Experimental and theoretical validation of a new search algorithm, with a note on the automatic generation of causal explanation
Abstract
An algorithm is presented for game-tree searching that is
shown under fairly general but formally specifiable
conditions to be more sparing of computational resource
than classical alpha-beta minimax.
The algorithm was programmed in POP-2 and compared
experimentally with alpha-beta searching on randomly
generated trees, and the results are presented.
A machine for solving deep chess combinations was built
from micro-electronic circuits. The general game-tree
searching algorithm was embedded in the machine together
with a chess-specific algorithm.
The chess-specific algorithm and the hardware of the
machine are described.
The results of running the machine on selected chess
positions are presented.
Deficiencies in the performance of the machine are
described and improvements suggested.
The problem of generating human-oriented descriptions of
combinatorial problems was considered using chess tactics
as a domain.
A system is described for finding causal motivations for
moves in a chess game-tree.
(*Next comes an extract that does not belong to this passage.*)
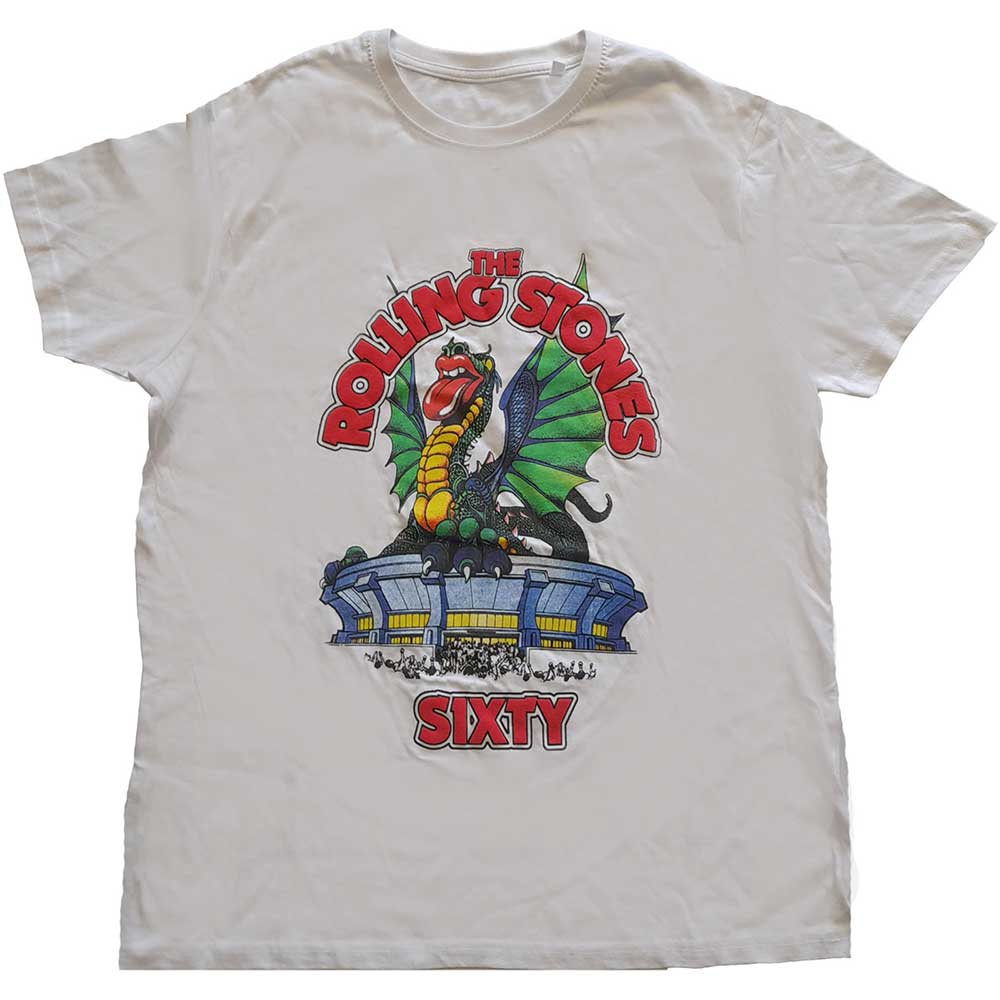 Tričko The Rolling Stones - Sixty Stadium Dragon, Unisex,Biela,XXL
The chess machine was interfaced to a main-frame computer and programs were
written which ran interactively with the chess machine to
produce humanly understandable explanations of the
combinations solved
The system was tested on selected positions and the
results presented.
Deficiencies in the performance of the system are
analysed and solutions suggested based on extensions of
the underlying algorithm. Applicability of these methods
is discussed to combinatorial problems encountered in
industry and defence.